Brazilian President Luiz Inacio Lula da Silva has approved a controversial law granting land rights to squatters in the Amazon that campaigners fear will result in a further increase in deforestation.
The law is one of the most divisive decisions of Lula’s two terms in office, with the president coming under intense pressure from environmental groups and the powerful agricultural lobby.
Marcelo Furtado, Greenpeace’s campaigns manager in Brazil, said the approval showed that Brazil’s policy on global warming was contradictory.
“On one hand Brazil is setting targets for the reduction of carbon emissions and on the other opening up more areas for deforestation,” Furtado said.
Brazil’s government says more than 1 million people will benefit from the law, which covers 67.4 million hectares of land, an area roughly the size of France. It believes the law will reduce violent conflicts by giving people ownership of the land they live on and will make it easier to track down those illegally felling trees.

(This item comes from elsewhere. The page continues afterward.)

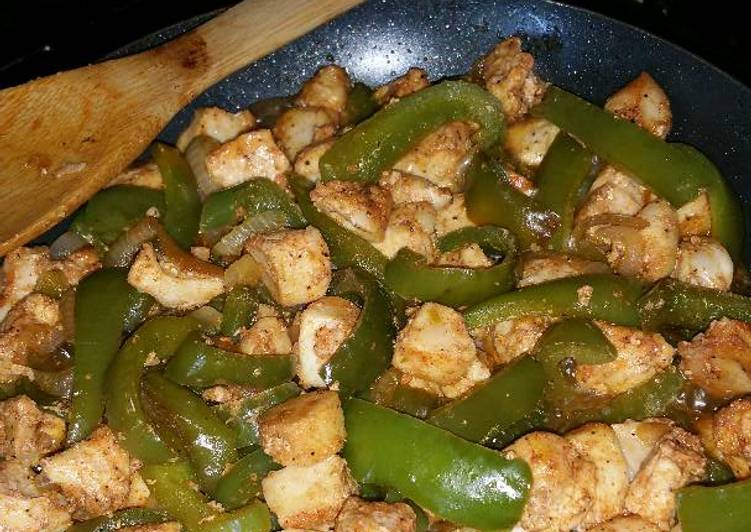 Easiest Way to Make Any-night-of-the-week Stir-Fried Spicy Chicken Tenders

But environmentalists — who have dubbed it the “land-grabbers bill” — fear the new rules will offer a carte blanche for those wanting to make money by destroying the Amazon.

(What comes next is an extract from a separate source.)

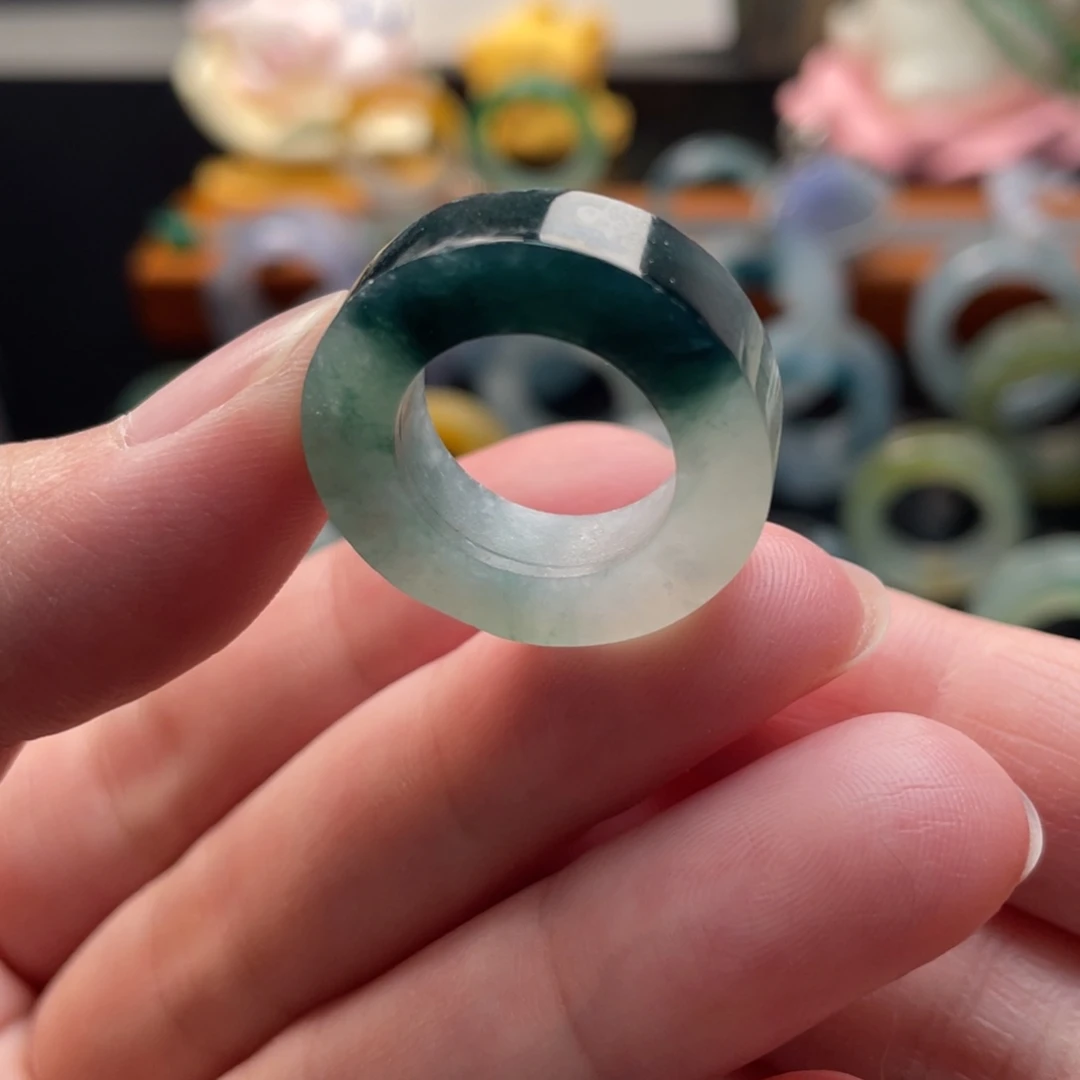 定制翡翠未镶嵌戒指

They say the law effectively provides an amnesty for those who have devastated the Amazon over the last 40 years. Around 20 percent has been lost, according to environmental campaigners, and deforestation globally causes nearly a fifth of greenhouse gas emissions.
“This measure perpetuates a 19th century practice [of Amazon destruction] instead of taking us towards a new 21st century strategy of sustainable development,” Furtado said.
He said the law — originally intended to benefit impoverished farmers in the Amazon — now benefited wealthy farmers.
The result, he said, was “a law which will not help increase governance [or] social justice but which simply raises the risk of more deforestation.”
Under the new law, small landowners who can prove they occupied lands before December 2004 will be handed small pieces of land for free, while large areas will be sold off at knockdown rates.
The government hopes this will help bring order to a region where land disputes often result in violent clashes and murder.
Human rights groups also criticized the law, saying unscrupulous Amazon ranchers, who often exploit slave labor, stood to gain from the new rules.
Faced with a vocal campaign against the measure, Lula accused “the NGOs [of] ... not telling the truth.”